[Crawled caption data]
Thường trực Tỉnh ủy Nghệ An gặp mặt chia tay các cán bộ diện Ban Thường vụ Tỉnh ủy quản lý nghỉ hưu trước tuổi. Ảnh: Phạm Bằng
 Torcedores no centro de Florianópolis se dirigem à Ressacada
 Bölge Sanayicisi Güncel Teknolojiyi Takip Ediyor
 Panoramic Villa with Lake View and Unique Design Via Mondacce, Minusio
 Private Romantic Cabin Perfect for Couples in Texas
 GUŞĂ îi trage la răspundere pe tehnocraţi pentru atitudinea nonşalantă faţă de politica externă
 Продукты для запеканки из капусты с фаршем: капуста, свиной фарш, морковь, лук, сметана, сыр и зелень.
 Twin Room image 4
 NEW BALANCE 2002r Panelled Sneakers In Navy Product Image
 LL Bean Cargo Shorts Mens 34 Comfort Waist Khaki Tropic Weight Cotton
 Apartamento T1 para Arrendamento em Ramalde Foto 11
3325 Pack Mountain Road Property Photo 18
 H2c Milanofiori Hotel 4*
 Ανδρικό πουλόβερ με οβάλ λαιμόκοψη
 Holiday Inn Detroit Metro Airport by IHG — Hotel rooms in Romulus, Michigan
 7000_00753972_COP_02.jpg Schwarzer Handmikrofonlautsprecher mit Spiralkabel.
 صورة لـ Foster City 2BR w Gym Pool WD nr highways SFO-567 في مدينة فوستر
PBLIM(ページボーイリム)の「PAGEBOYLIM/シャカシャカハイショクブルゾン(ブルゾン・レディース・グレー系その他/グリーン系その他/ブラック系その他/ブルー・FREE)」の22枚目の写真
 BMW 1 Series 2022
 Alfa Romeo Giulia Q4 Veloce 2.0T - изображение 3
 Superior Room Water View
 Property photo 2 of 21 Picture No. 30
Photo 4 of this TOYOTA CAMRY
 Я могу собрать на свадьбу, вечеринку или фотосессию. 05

WORK ITEM:
All lines from the one containing "Torcedores no centro" through the last line of the data must be set down exactly. No other lines belong in the answer.

EXPECTED ANSWER:
 Torcedores no centro de Florianópolis se dirigem à Ressacada
 Bölge Sanayicisi Güncel Teknolojiyi Takip Ediyor
 Panoramic Villa with Lake View and Unique Design Via Mondacce, Minusio
 Private Romantic Cabin Perfect for Couples in Texas
 GUŞĂ îi trage la răspundere pe tehnocraţi pentru atitudinea nonşalantă faţă de politica externă
 Продукты для запеканки из капусты с фаршем: капуста, свиной фарш, морковь, лук, сметана, сыр и зелень.
 Twin Room image 4
 NEW BALANCE 2002r Panelled Sneakers In Navy Product Image
 LL Bean Cargo Shorts Mens 34 Comfort Waist Khaki Tropic Weight Cotton
 Apartamento T1 para Arrendamento em Ramalde Foto 11
3325 Pack Mountain Road Property Photo 18
 H2c Milanofiori Hotel 4*
 Ανδρικό πουλόβερ με οβάλ λαιμόκοψη
 Holiday Inn Detroit Metro Airport by IHG — Hotel rooms in Romulus, Michigan
 7000_00753972_COP_02.jpg Schwarzer Handmikrofonlautsprecher mit Spiralkabel.
 صورة لـ Foster City 2BR w Gym Pool WD nr highways SFO-567 في مدينة فوستر
PBLIM(ページボーイリム)の「PAGEBOYLIM/シャカシャカハイショクブルゾン(ブルゾン・レディース・グレー系その他/グリーン系その他/ブラック系その他/ブルー・FREE)」の22枚目の写真
 BMW 1 Series 2022
 Alfa Romeo Giulia Q4 Veloce 2.0T - изображение 3
 Superior Room Water View
 Property photo 2 of 21 Picture No. 30
Photo 4 of this TOYOTA CAMRY
 Я могу собрать на свадьбу, вечеринку или фотосессию. 05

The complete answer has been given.